Repeat only the lines from the one containing "Lexus RX IV" to the final line below, exactly as they read, and leave every picture out.

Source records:
BEGIN

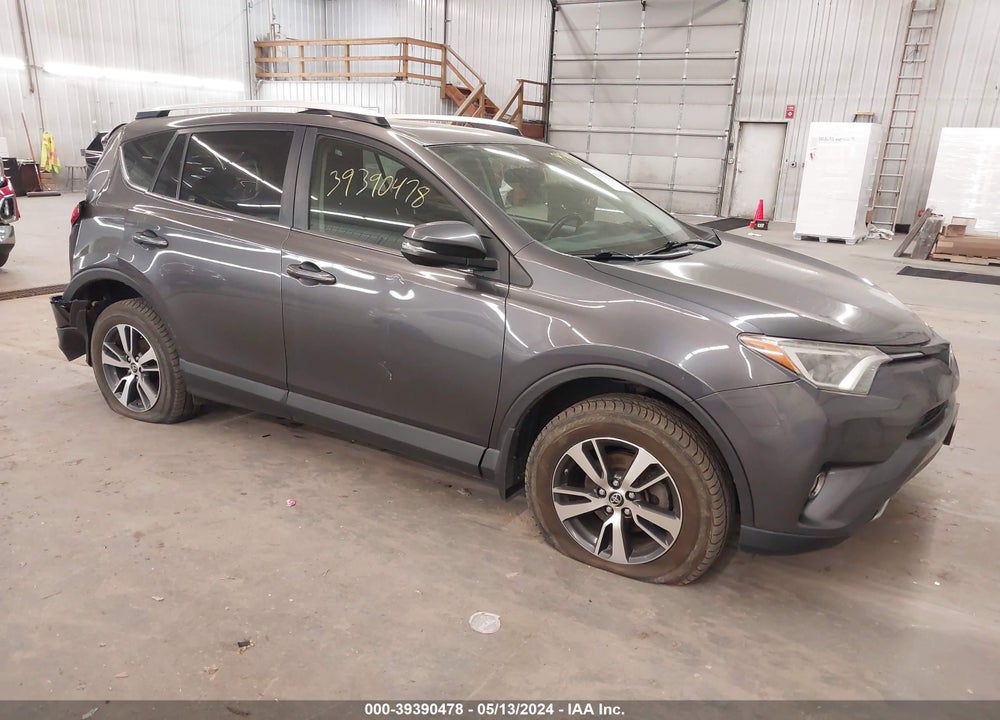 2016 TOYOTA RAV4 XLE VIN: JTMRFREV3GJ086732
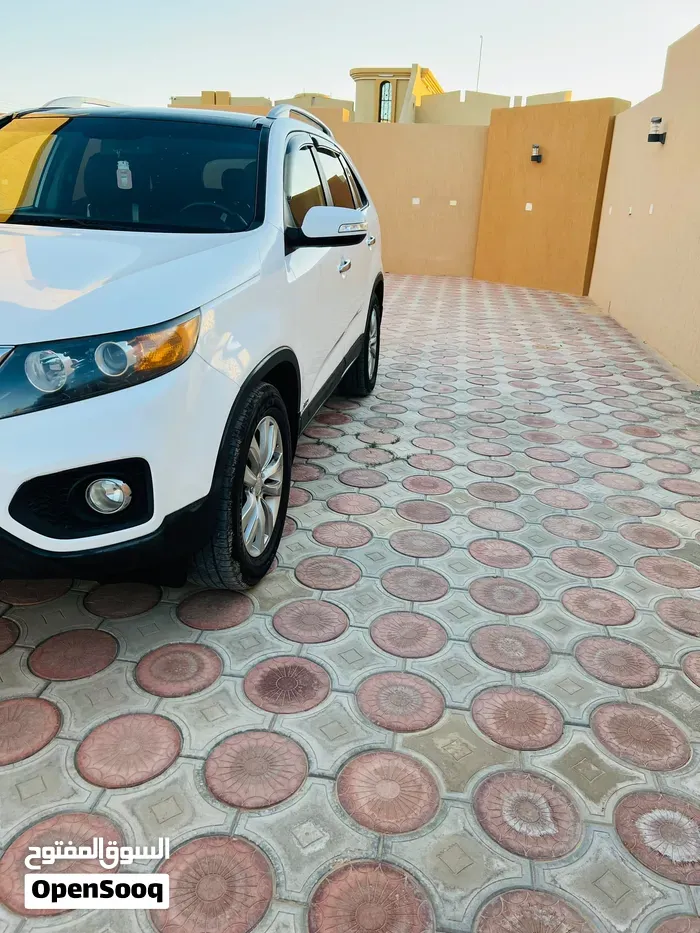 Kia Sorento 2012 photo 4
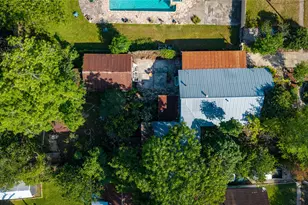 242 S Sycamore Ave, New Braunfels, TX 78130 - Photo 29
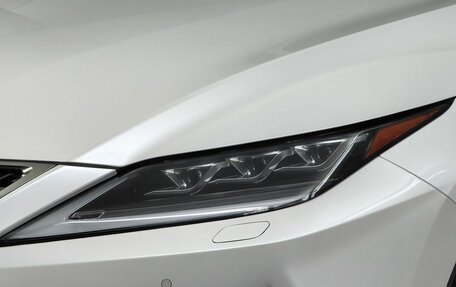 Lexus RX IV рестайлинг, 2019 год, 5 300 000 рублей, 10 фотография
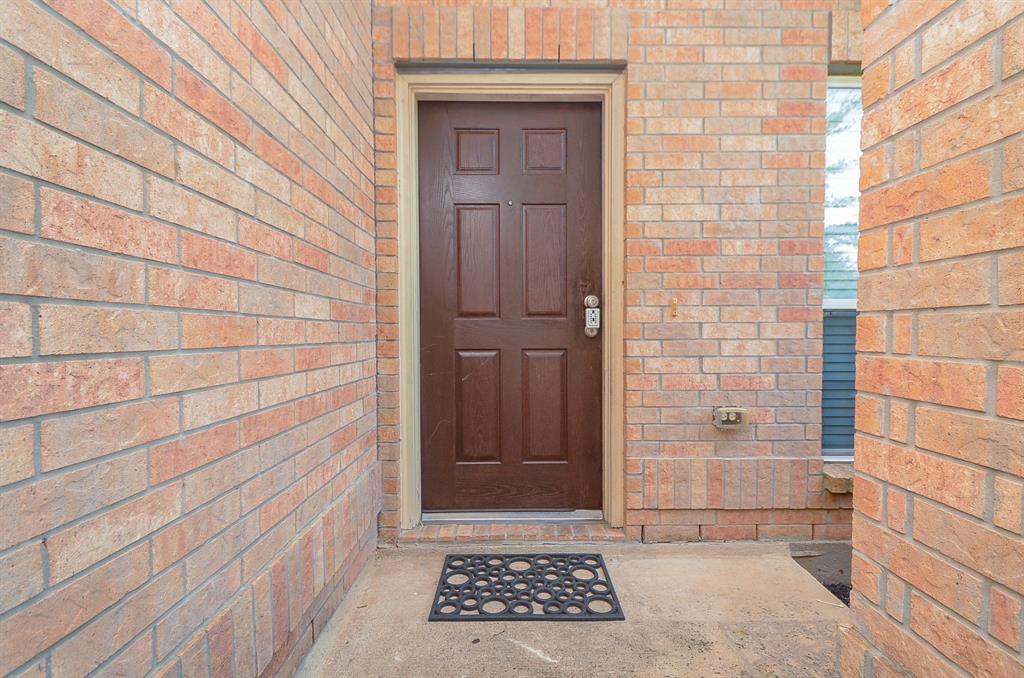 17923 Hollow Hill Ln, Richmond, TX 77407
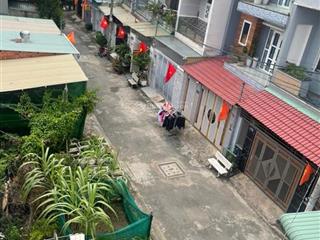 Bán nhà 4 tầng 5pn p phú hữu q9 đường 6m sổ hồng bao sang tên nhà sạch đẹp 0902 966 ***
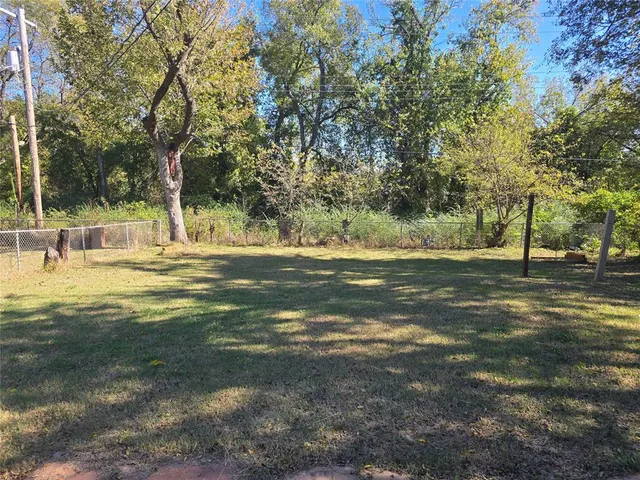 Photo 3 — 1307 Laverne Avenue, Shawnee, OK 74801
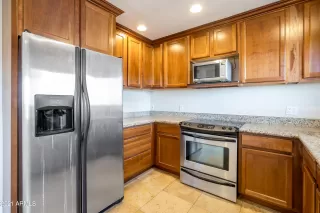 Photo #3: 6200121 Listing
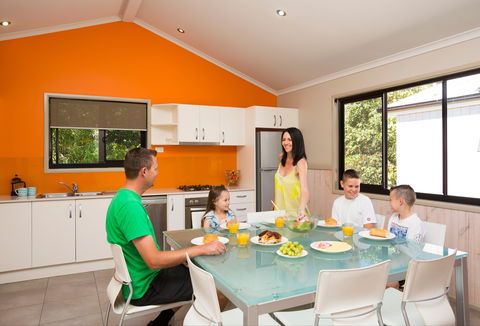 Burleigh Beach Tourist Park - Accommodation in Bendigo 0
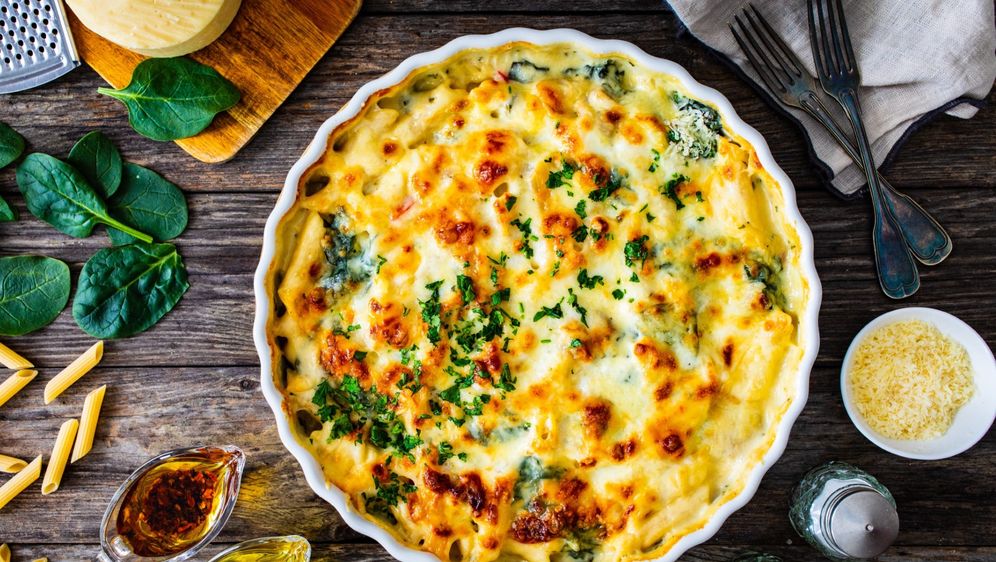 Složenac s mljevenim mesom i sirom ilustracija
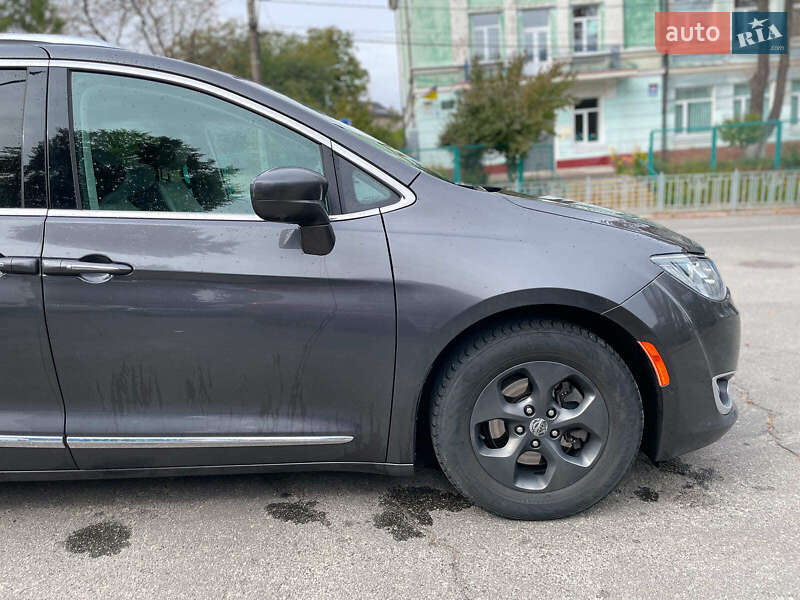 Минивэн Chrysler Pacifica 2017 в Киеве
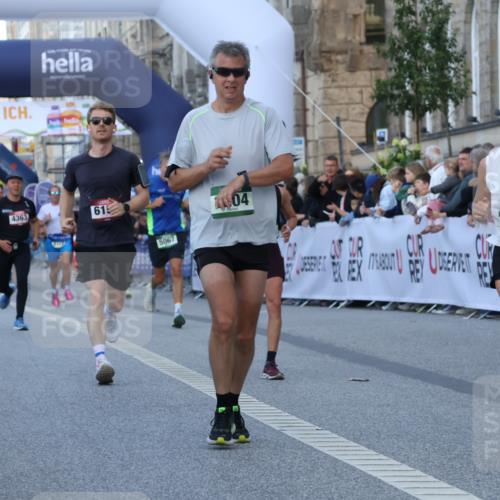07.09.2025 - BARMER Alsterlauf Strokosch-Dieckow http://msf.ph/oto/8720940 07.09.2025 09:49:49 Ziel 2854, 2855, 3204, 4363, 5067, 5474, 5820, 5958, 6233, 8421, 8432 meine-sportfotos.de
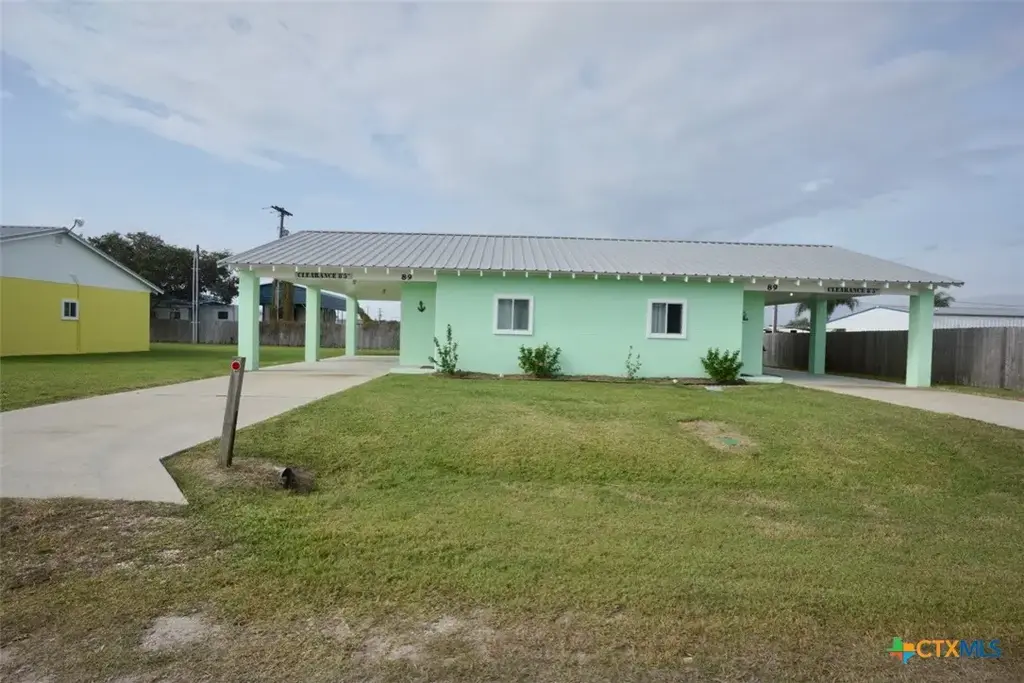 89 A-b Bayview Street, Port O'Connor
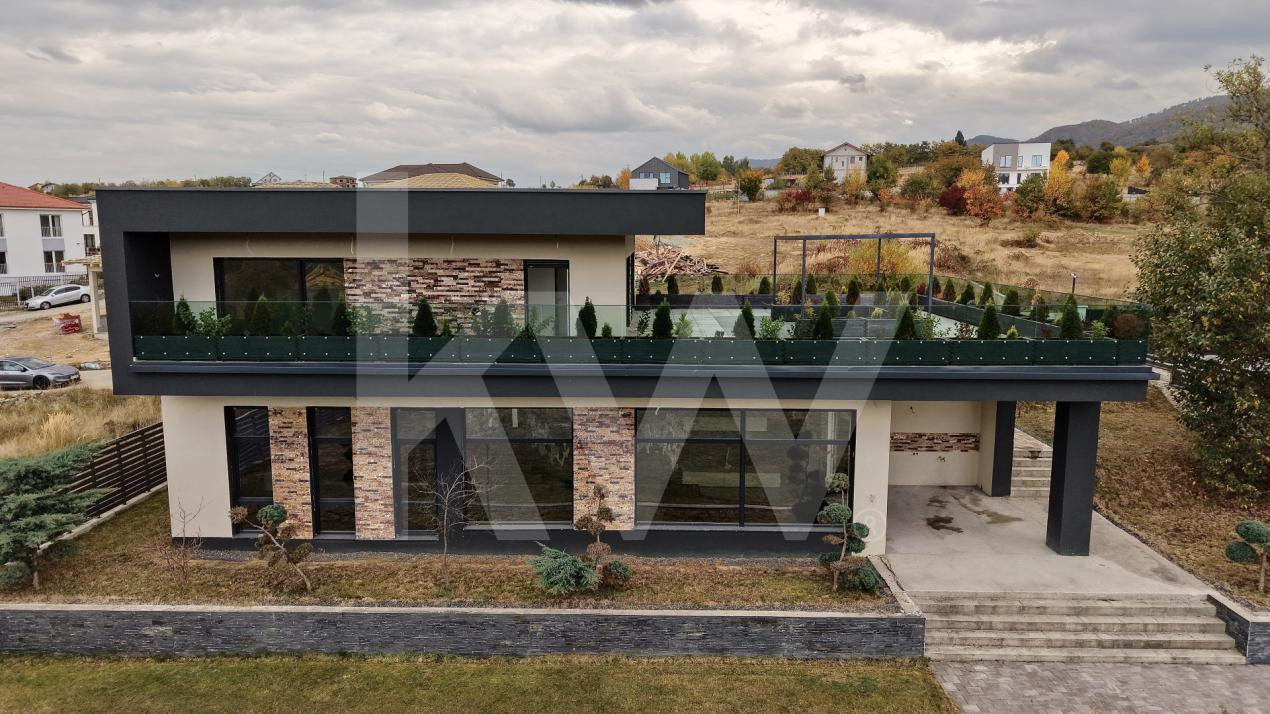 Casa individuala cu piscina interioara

END

Answer to the problem:
 Lexus RX IV рестайлинг, 2019 год, 5 300 000 рублей, 10 фотография
 17923 Hollow Hill Ln, Richmond, TX 77407
 Bán nhà 4 tầng 5pn p phú hữu q9 đường 6m sổ hồng bao sang tên nhà sạch đẹp 0902 966 ***
 Photo 3 — 1307 Laverne Avenue, Shawnee, OK 74801
 Photo #3: 6200121 Listing
 Burleigh Beach Tourist Park - Accommodation in Bendigo 0
 Složenac s mljevenim mesom i sirom ilustracija
 Минивэн Chrysler Pacifica 2017 в Киеве
07.09.2025 - BARMER Alsterlauf Strokosch-Dieckow http://msf.ph/oto/8720940 07.09.2025 09:49:49 Ziel 2854, 2855, 3204, 4363, 5067, 5474, 5820, 5958, 6233, 8421, 8432 meine-sportfotos.de
 89 A-b Bayview Street, Port O'Connor
 Casa individuala cu piscina interioara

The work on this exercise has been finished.